I'm setting up a multi-language using gettext. Since all text from other languages are in the compiled .mo files. How should I attack the search function of the site? Any help or point of direction would be appreciated. Note, I have not coded a search enigine before…
+3
A:
As I understand, you would like to provide search for information that is stored in .mo files; text files of key-value pairs.
The problem will be in mapping a k-v pair in a particular .mo to a particular URI. If you can do this, you can run a script that parses the .mo files, and stores the phrases along with related URI (or other resource identifier) in some kind of data store, such as Apache Solr or a MySQL detabase (with a FULLTEXT-indexed column).
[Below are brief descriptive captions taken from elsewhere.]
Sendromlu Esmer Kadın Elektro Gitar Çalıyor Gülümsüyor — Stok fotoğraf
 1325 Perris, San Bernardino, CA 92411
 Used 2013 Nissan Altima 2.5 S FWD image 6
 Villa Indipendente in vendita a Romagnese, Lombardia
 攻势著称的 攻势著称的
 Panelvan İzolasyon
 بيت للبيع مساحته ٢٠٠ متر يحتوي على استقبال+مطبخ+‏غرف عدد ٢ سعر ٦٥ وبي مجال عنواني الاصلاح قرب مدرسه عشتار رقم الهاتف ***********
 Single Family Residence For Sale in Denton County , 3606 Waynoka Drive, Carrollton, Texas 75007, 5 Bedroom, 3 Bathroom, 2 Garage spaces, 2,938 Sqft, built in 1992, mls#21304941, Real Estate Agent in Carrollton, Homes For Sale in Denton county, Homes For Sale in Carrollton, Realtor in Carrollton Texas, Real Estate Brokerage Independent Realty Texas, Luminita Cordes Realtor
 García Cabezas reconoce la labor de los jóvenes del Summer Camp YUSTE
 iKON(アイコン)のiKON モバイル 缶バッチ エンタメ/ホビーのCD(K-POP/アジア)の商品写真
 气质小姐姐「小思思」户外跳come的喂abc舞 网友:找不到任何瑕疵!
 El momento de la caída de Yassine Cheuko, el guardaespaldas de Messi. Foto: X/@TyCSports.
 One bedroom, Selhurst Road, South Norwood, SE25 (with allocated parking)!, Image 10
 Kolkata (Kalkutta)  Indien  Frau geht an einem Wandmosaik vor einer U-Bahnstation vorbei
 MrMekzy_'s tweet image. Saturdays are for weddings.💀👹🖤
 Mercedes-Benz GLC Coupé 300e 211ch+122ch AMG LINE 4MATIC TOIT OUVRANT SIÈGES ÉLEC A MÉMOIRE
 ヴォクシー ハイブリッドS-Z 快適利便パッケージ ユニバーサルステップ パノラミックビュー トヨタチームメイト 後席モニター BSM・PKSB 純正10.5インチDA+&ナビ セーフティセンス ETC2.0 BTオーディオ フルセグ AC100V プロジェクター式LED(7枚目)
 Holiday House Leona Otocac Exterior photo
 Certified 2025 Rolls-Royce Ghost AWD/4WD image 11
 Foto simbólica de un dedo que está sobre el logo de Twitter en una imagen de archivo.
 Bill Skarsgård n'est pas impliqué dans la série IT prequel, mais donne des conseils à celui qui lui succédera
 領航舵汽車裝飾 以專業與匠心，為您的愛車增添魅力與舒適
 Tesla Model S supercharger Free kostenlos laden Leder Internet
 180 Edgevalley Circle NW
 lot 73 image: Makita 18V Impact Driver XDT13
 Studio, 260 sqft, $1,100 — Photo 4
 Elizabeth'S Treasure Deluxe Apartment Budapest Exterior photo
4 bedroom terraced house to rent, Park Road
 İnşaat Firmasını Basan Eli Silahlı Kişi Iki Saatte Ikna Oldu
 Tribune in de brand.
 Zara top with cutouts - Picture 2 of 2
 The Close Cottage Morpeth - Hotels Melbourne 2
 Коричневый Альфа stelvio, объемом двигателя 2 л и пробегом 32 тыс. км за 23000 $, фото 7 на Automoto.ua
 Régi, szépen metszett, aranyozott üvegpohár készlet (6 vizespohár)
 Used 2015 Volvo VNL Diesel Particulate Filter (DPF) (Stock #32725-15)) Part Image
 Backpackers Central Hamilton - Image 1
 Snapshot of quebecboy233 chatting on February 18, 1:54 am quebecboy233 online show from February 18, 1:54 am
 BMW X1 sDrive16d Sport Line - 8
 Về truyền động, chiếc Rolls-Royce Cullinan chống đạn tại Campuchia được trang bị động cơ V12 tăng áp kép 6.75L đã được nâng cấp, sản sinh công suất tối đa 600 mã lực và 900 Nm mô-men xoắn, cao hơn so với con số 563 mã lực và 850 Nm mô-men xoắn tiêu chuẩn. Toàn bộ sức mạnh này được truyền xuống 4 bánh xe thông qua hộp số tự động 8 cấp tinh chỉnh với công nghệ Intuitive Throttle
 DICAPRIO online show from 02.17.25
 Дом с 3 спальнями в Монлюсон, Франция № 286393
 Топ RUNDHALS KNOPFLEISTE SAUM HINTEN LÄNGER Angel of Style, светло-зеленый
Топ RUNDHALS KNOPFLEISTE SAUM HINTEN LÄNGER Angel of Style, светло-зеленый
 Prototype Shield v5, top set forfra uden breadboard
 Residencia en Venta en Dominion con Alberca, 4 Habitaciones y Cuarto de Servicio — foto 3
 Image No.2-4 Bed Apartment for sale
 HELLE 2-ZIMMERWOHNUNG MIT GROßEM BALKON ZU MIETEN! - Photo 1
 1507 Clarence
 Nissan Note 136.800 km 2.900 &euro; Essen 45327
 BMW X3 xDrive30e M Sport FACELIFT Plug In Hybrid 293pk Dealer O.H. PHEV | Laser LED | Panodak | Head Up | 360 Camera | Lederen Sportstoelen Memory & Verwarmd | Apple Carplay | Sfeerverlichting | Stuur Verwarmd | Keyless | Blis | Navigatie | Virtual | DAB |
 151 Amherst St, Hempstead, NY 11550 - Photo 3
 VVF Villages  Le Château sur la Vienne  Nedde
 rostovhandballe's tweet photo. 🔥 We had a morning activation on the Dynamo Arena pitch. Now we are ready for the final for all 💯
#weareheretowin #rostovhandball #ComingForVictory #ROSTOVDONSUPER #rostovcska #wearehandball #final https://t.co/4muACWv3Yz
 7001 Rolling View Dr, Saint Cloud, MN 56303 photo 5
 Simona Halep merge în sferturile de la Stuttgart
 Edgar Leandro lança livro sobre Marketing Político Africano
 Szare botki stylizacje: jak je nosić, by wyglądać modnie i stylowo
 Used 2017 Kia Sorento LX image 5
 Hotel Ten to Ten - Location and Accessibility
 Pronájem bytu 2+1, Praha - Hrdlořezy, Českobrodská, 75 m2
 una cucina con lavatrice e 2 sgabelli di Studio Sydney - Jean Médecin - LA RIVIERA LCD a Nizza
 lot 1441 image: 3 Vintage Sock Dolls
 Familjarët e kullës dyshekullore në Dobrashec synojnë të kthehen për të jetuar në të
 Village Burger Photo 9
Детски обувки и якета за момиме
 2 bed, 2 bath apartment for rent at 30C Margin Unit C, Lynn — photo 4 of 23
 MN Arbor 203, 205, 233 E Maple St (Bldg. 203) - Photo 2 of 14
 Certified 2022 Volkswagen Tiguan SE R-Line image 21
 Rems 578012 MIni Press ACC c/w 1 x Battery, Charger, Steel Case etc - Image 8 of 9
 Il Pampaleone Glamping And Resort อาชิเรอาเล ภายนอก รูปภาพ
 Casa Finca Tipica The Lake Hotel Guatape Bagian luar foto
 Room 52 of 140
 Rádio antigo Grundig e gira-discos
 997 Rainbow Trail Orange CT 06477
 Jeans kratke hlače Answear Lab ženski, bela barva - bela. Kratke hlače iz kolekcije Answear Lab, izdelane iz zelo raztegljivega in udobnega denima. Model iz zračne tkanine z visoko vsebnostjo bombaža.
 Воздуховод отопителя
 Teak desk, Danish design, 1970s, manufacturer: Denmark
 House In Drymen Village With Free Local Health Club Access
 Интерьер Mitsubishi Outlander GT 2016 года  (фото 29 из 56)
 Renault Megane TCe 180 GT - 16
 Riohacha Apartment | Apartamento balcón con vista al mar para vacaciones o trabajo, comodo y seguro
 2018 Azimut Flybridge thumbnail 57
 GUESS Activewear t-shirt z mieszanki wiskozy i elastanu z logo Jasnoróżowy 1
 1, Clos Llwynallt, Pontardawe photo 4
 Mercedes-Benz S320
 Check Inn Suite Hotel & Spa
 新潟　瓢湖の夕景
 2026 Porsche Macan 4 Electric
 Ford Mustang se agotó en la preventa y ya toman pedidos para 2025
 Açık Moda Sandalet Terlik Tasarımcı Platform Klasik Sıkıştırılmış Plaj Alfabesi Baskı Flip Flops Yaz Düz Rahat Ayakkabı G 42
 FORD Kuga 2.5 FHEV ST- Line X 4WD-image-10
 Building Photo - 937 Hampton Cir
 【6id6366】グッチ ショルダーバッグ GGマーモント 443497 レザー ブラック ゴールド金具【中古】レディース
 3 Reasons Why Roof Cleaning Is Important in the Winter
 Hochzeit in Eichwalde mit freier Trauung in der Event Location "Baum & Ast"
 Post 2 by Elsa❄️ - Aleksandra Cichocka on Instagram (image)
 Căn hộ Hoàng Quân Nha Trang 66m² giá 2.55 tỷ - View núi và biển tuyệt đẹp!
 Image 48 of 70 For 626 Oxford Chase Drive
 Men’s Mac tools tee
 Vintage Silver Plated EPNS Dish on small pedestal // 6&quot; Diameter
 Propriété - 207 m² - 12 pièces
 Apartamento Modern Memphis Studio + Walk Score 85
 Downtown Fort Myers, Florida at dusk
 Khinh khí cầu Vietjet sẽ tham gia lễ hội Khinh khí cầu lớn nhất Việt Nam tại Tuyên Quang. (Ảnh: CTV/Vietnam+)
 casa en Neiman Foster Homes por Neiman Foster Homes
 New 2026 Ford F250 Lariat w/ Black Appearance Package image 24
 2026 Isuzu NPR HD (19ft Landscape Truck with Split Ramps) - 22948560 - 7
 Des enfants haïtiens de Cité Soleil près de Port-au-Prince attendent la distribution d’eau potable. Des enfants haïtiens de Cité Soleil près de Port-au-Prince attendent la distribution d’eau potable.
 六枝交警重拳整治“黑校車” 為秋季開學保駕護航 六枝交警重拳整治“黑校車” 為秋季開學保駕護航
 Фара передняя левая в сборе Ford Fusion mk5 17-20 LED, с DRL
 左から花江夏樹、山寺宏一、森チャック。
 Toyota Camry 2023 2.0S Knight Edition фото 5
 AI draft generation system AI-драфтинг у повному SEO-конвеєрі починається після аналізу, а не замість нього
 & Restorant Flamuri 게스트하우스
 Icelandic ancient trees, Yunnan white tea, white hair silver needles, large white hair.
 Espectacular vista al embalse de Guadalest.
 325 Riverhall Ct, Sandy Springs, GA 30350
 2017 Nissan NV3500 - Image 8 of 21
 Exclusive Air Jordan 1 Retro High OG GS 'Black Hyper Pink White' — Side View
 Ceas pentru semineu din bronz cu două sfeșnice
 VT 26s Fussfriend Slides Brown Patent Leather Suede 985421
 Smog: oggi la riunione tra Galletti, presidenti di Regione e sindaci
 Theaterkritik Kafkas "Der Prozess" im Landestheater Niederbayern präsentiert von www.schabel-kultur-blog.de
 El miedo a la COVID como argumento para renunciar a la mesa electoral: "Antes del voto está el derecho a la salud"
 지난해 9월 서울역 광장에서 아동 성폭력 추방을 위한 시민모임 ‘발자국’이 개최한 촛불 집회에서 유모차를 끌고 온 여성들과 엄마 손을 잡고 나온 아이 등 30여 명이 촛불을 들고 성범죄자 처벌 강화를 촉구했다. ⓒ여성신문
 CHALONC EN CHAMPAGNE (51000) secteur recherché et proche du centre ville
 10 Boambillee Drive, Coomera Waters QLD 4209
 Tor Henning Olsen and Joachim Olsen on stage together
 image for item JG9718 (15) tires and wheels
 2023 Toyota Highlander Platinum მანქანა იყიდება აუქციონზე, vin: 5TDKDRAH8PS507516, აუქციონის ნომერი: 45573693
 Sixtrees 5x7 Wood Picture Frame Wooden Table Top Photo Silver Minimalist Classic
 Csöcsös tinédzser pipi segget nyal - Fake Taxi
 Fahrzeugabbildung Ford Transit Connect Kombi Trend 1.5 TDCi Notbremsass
Another option is to use a crawler to slurp and index by keyword and language all the pages in your site. Here's a list of open-source crawlers:
http://en.wikipedia.org/wiki/Web_crawler#Open-source_crawlers
All the best.
Adam
2010-07-29 19:16:00
I see. It seems a crawler is a simpler choice. Thank you.
T1000
2010-08-04 09:13:18
You're welcome! Yes, my feeling is that it would be simpler to use a crawler. You can embed a language code (and other useful information) in your page's <META> tags. Have a look at http://www.htdig.org/
Adam
2010-08-04 09:28:19